One day, tardigrade imitation could aid in human space colonization. Food crops, yeast, and insects could be genetically modified to produce tardigrade proteins, enabling these organisms to grow more effectively in environments with higher radiation levels than Earth, such as spacecraft. The Dsup protein gene has already been introduced by scientists into human cells in a lab setting. Some of those altered cells were able to withstand doses of X-rays or peroxide chemicals that would have killed regular cells (SN: 11/9/19, p. 13).
The Dsup gene also appeared to shield tobacco plants, an experimental model for food crops, against exposure to the DNA-damaging chemical ethyl methanesulfonate. The additional gene caused the plants to grow more swiftly than those without it. Moreover, plants with Dsup had reduced DNA deterioration from UV exposure.

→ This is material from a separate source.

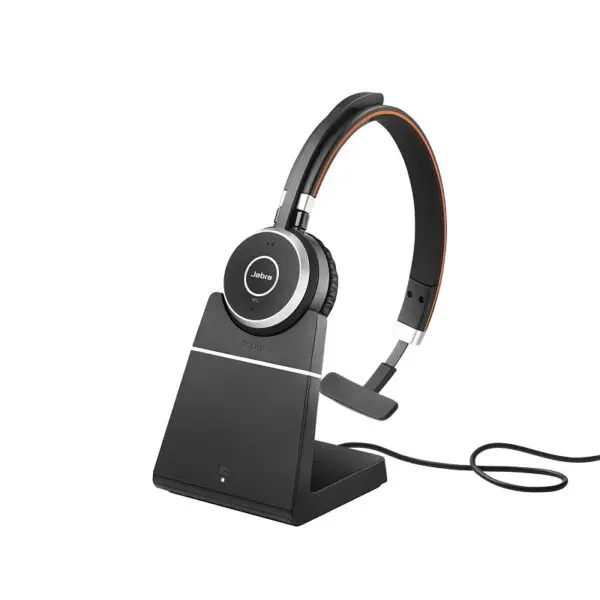  מערכת ראש מקצועית אלחוטית ל-VOIP דגם UC Mono עם מעמד טעינה Evolve 65 & charging stand UC Mono 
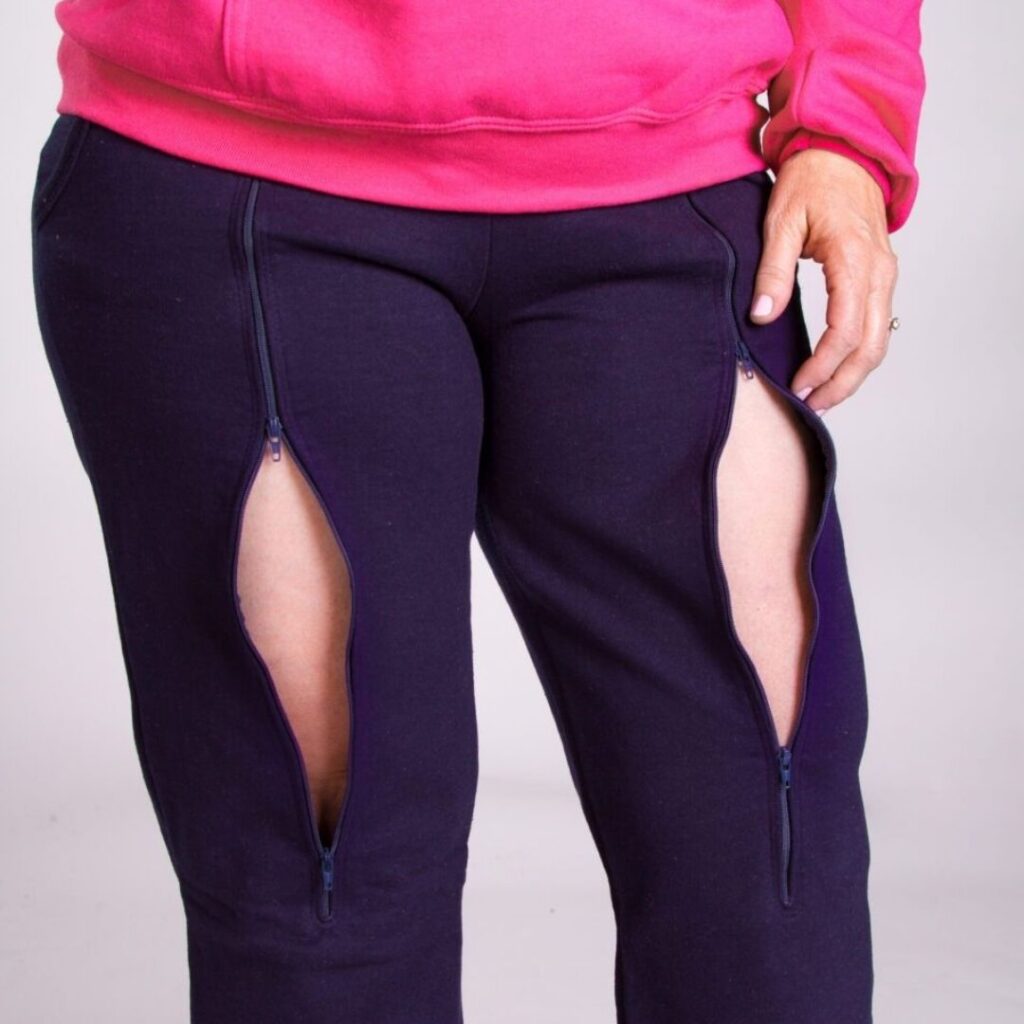 zipper access on sweatpants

Early evidence suggests that the “packing peanut” proteins of tardigrades are protective to humans. Researchers announced their findings in the March 18 issue of ACS Synthetic Biology. They found that when human cells were altered to manufacture such proteins, they developed resistance to the chemotherapeutic drug camptothecin. The tardigrade proteins achieved this by preventing apoptosis, a cellular self-destruct mechanism frequently sparked by radiation or exposure to toxic substances.
Hence, if humans ever succeed in traveling to the stars, they may do so in part by leaning on the shoulders of the diminutive eight-legged endurance athletes in your garden.
Reference: Douglas Fox @ sciencenews
M.T. Veling et al. Natural and designed proteins inspired by extremotolerant organisms can form condensates and attenuate apoptosis in human cells. ACS Synthetic Biology. Vol. 11, February 18, 2022, p. 1292. doi: 10.1101/2021.10.01.462432.
M. Yagi-Utsumi et al. Desiccation-induced fibrous condensation of CAHS protein from an anhydrobiotic tardigrade. Scientific Reports. Published online November 4, 2021. doi: 10.1038/s41598-021-00724-6.
J. Kirke, X.-L. Jin and H.-X. Zhang. Expression of a tardigrade Dsup gene enhances genome protection in plants. Molecular Biotechnology. Vol. 62, September 21, 2020, p. 563. doi: 10.1007/s12033-020-00273-9.
T. Hashimoto et al. Extremotolerant tardigrade genome and improved radiotolerance of human cultured cells by tardigrade-unique protein. Nature Communications. Vol. 7, Sept 20, 2016. doi: 10.1038/ncomms12808.
A. Yamaguchi et al. Two Novel Heat-Soluble Protein Families Abundantly Expressed in an Anhydrobiotic Tardigrade. PLOS One. Vol. 7, August 28, 2012. doi: 10.1371/journal.pone.0044209.